ハルストラップ氏は、産業プロダクトのデザイナーとして、電話やインシュリンペン、オーディオや電気製品をデザインしていた。当時から、デザインに体験を追加することを考えていた同氏は、JBLのスピーカーをデザインするときに照明を追加した。「音がどんな風に見えるのかを表現したいと考えていました。使って美しいもの、感情を動かすものをデザインすることが、デザインなのです」と語る。

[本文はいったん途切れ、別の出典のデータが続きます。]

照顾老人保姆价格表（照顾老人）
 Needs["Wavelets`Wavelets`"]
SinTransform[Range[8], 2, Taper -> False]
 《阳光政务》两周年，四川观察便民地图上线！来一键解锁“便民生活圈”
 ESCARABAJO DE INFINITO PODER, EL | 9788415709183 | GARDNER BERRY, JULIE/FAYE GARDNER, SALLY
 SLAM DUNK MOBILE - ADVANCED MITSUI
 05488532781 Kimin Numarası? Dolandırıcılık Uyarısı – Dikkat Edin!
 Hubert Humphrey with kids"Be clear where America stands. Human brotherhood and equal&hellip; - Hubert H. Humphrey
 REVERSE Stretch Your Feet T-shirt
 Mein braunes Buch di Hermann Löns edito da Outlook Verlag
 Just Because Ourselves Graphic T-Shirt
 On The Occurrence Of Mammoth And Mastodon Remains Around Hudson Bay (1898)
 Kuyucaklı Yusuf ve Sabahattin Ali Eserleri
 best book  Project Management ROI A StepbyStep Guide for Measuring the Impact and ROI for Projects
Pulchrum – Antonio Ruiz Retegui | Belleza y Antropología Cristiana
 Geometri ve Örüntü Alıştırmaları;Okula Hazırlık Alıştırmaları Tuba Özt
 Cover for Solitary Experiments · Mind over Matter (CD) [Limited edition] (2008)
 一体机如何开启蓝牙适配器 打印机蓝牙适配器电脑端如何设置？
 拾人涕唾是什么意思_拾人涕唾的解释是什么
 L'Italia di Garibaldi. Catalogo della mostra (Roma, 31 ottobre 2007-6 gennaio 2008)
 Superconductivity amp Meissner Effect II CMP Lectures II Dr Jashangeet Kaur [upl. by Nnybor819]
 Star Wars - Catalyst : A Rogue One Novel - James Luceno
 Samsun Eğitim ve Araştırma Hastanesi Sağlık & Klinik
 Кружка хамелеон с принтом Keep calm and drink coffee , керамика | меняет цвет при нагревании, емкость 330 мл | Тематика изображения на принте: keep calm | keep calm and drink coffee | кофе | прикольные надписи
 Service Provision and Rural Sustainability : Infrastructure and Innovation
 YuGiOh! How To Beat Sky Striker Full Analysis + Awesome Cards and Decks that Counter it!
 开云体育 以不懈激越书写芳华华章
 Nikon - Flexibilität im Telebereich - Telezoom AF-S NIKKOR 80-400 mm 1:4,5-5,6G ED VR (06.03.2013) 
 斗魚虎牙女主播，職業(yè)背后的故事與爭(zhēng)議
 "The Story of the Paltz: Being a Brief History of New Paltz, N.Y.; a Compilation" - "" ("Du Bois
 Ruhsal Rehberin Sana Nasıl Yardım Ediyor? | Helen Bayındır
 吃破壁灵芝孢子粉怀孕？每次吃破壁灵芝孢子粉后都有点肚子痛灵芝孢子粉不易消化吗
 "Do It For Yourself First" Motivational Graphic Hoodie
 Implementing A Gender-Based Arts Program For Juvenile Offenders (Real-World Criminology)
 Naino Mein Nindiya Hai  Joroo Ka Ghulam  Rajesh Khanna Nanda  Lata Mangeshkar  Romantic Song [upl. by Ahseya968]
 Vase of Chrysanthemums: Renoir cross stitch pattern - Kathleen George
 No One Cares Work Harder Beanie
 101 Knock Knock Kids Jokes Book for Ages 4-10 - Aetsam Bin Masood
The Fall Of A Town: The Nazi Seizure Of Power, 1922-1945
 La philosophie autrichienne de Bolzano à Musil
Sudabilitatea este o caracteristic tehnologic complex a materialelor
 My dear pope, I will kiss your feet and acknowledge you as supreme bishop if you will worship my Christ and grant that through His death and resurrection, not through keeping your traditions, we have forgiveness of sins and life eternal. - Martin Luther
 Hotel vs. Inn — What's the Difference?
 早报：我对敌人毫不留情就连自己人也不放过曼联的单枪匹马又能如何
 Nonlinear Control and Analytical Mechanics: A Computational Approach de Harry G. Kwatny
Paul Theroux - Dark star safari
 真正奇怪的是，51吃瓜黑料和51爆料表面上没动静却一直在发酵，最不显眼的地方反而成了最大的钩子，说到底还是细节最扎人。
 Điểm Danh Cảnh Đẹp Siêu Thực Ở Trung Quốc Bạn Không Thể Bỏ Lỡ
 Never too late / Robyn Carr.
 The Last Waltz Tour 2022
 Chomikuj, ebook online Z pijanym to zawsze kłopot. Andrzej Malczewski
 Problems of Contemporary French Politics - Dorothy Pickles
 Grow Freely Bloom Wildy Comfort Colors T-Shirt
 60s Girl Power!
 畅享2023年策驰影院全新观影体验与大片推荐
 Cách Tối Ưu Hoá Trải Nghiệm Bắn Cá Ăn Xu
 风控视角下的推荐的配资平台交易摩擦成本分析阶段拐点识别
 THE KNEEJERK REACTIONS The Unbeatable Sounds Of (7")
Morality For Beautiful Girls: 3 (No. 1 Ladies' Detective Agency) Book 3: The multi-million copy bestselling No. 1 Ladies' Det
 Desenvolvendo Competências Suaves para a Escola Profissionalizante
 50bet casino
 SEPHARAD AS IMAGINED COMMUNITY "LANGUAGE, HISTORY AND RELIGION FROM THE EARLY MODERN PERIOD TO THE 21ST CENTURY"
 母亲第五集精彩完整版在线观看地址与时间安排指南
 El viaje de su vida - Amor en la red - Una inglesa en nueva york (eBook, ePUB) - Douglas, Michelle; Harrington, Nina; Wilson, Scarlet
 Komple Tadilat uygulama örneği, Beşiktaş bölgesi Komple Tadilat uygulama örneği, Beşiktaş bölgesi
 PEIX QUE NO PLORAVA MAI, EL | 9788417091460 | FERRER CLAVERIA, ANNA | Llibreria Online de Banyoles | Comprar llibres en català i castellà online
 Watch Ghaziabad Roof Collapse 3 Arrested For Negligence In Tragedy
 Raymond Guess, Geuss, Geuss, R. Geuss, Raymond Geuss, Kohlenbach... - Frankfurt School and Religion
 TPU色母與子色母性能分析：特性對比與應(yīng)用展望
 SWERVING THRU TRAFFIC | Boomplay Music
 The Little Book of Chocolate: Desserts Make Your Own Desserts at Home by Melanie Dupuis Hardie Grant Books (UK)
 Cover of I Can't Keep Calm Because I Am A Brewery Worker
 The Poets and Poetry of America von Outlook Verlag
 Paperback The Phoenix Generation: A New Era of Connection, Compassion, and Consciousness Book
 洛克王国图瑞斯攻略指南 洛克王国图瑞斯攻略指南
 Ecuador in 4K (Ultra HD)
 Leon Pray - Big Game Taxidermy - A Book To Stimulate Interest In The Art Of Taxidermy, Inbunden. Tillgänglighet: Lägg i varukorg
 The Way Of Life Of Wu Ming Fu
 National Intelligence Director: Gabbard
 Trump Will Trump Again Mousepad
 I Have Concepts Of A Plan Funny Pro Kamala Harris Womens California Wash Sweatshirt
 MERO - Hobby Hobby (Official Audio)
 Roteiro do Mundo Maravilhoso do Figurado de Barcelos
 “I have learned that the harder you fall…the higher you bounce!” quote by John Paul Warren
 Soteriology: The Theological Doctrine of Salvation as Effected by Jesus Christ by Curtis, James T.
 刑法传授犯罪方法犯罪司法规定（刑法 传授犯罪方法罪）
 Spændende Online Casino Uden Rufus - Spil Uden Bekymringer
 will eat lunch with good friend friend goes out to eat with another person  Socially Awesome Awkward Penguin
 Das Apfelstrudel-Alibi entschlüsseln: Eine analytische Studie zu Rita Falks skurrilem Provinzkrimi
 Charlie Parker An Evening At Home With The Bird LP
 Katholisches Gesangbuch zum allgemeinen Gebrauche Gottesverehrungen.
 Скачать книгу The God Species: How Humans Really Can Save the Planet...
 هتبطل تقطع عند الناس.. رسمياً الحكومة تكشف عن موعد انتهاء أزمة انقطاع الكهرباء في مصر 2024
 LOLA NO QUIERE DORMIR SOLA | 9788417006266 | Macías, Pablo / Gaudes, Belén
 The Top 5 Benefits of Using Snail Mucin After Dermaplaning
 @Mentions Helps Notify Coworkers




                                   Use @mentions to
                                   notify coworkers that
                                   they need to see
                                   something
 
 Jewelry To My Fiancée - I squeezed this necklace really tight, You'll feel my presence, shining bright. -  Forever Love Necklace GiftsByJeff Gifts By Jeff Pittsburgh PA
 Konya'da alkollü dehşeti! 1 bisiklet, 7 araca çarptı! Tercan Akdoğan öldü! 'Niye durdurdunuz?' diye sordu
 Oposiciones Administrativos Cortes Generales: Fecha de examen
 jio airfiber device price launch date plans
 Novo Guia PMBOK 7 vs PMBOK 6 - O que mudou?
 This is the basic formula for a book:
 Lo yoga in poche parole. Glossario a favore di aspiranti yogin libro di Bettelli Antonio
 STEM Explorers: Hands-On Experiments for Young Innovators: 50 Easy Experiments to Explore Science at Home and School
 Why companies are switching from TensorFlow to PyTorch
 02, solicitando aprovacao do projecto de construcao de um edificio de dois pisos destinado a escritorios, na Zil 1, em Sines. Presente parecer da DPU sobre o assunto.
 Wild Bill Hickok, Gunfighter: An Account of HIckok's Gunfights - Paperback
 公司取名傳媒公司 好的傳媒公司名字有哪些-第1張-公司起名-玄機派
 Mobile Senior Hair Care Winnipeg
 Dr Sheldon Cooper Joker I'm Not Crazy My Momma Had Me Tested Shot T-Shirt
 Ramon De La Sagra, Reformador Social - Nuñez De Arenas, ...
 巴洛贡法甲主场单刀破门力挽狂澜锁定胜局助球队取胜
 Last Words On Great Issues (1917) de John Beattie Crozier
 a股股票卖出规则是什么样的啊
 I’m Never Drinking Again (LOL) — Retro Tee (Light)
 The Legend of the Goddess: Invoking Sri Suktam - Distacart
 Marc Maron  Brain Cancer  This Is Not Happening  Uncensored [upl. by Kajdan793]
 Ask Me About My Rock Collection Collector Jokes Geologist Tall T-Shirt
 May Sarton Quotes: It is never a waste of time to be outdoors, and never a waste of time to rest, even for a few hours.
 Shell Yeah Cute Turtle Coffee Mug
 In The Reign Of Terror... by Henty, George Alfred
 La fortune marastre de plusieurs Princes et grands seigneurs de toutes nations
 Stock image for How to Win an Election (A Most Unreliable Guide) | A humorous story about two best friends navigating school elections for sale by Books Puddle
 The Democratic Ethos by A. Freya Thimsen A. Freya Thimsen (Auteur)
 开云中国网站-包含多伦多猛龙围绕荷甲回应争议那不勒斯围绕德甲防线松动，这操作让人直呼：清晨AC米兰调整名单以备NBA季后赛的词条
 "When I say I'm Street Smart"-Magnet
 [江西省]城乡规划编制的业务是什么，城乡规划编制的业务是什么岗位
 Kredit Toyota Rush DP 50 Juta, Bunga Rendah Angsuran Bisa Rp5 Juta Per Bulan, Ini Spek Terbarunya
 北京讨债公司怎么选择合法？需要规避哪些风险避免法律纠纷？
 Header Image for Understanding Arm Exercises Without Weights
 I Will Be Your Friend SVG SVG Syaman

しかし、2007年頃を境にデザイン界は大きくシフトする。iPhoneの登場だ。
さまざまな業界に刺激を与えたiPhoneは、当然デザイン界にも変革を起こす。プロダクトデザインではなく、すべてスクリーン上で起こるサービスのデザインが求められる時代へ突入していった。
サービスをデザインすることで起きた変化。そのひとつに、これまで接点のなかった金融や保険などの領域が、フィンテック・インシュアテックとしてデザインの対象になったことが挙げられる。
その事例として紹介されたのが、デンマーク最大の銀行・ダンスケ銀行だ。早くからモバイル銀行をスタートした同行は、車輪のような円形型の新しいナビゲーションシステムのデザインを導入した。このデザインは流行し、各社多様な機能を追加したが、結局のところアプリはシンプルなデザインが望ましいという結果に落ち着いている。